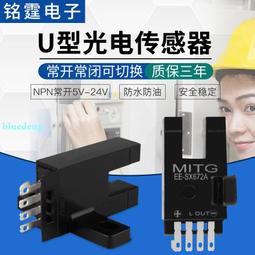 U槽L形光電開關EE-SX672感應開關 L型原點限位開關傳感器 NPN常開 歷史價格詳細信息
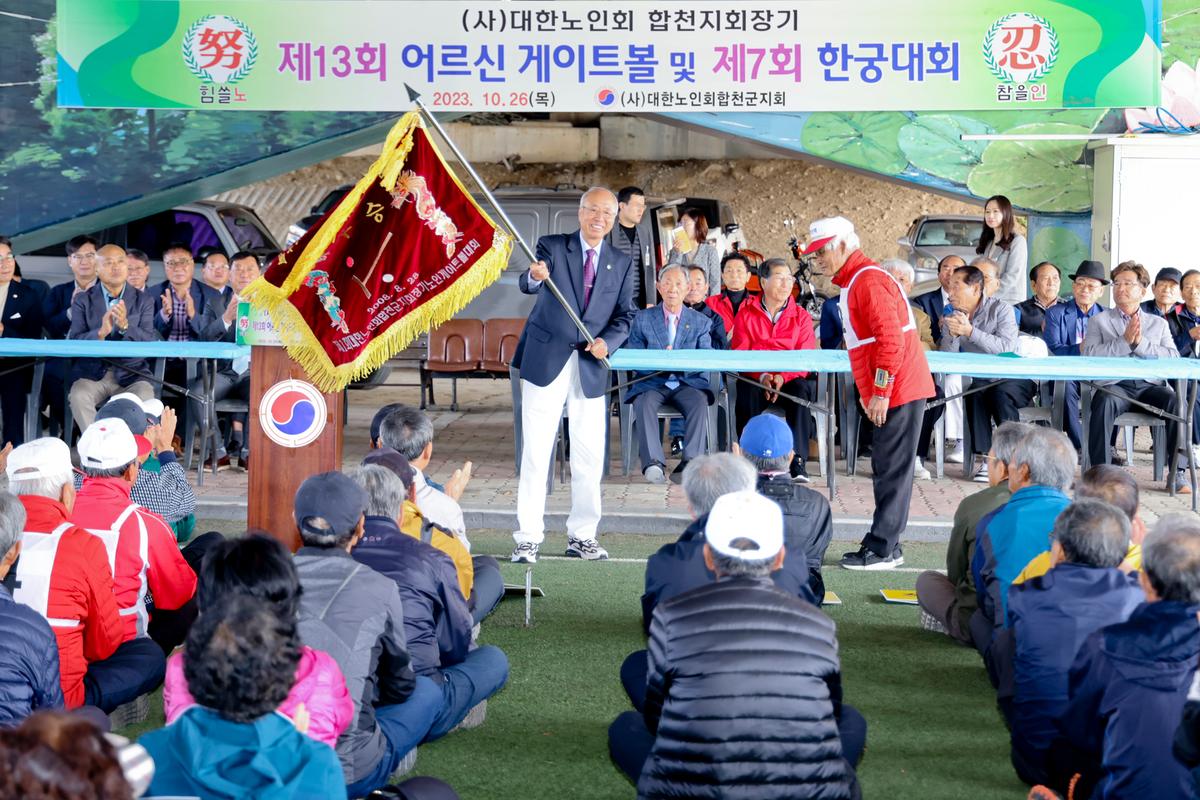 합천군 노인회장기 제13회 게이트볼 대회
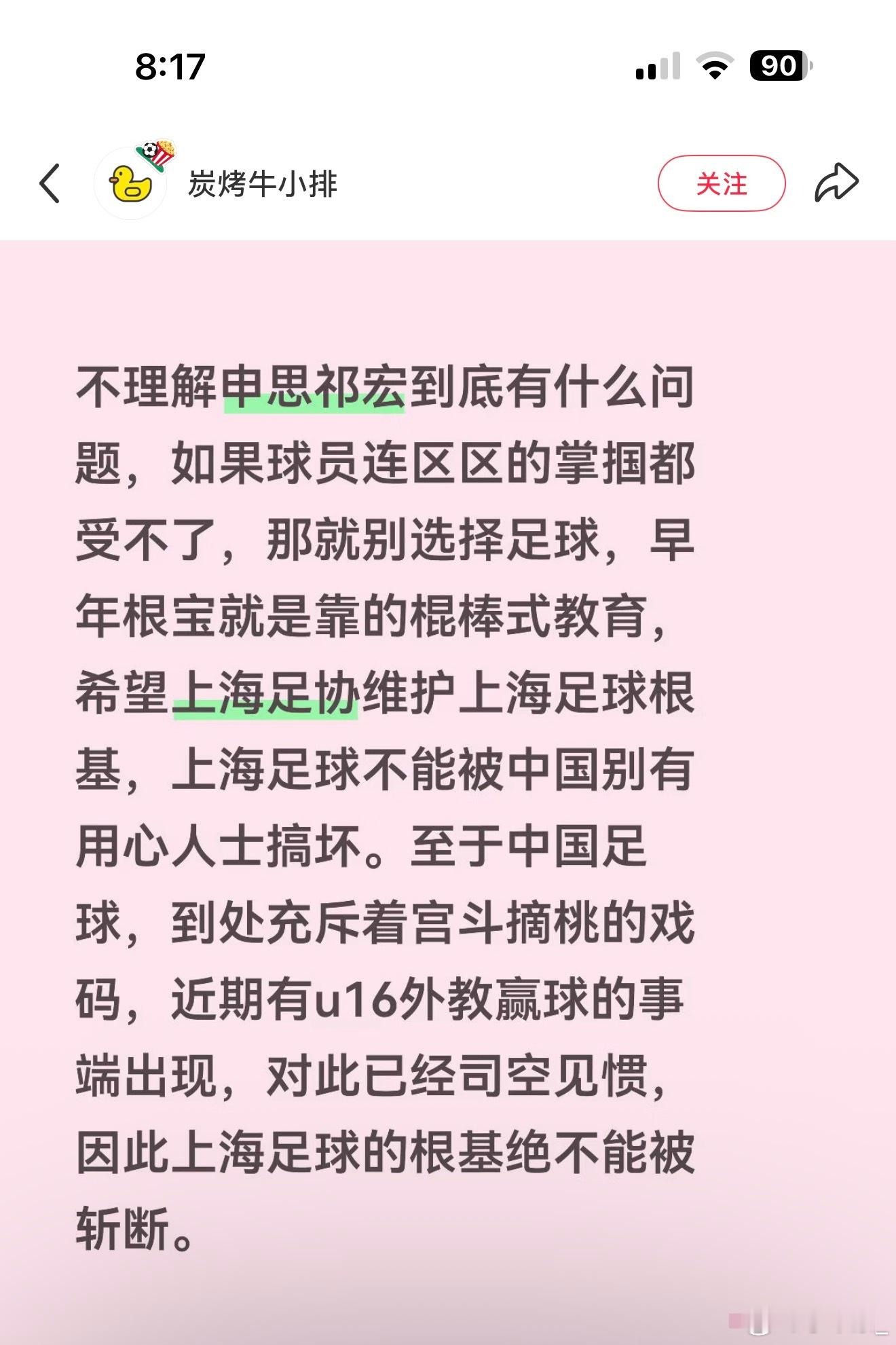 我也不太懂上海足球圈的人际关系，但这两天总有上海ip拿徐根宝当年如何教育孩子来为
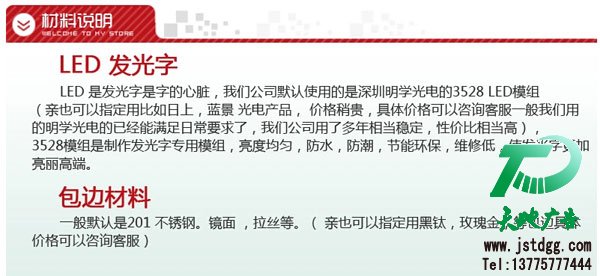 精工鏡面不銹鋼LED發(fā)光字制作材料展示說明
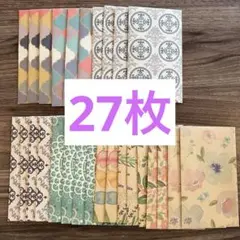 Item thumbnail for item a98dd69d-8f6b-47dc-b806-79128182f829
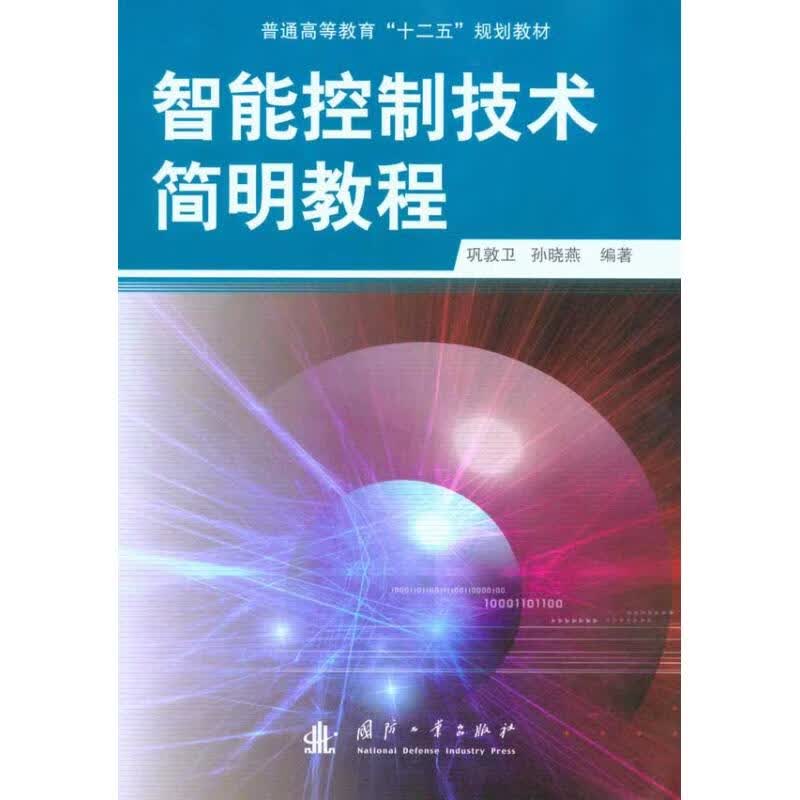 智能控制技术简明教程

### EXERCISE
Repeat exactly, please: transcribe each entry and leave out the pictures.

### RESULT BELOW
 U槽L形光電開關EE-SX672感應開關 L型原點限位開關傳感器 NPN常開 歷史價格詳細信息
 합천군 노인회장기 제13회 게이트볼 대회
 我也不太懂上海足球圈的人际关系，但这两天总有上海ip拿徐根宝当年如何教育孩子来为
 精工鏡面不銹鋼LED發(fā)光字制作材料展示說明
 Item thumbnail for item a98dd69d-8f6b-47dc-b806-79128182f829
 智能控制技术简明教程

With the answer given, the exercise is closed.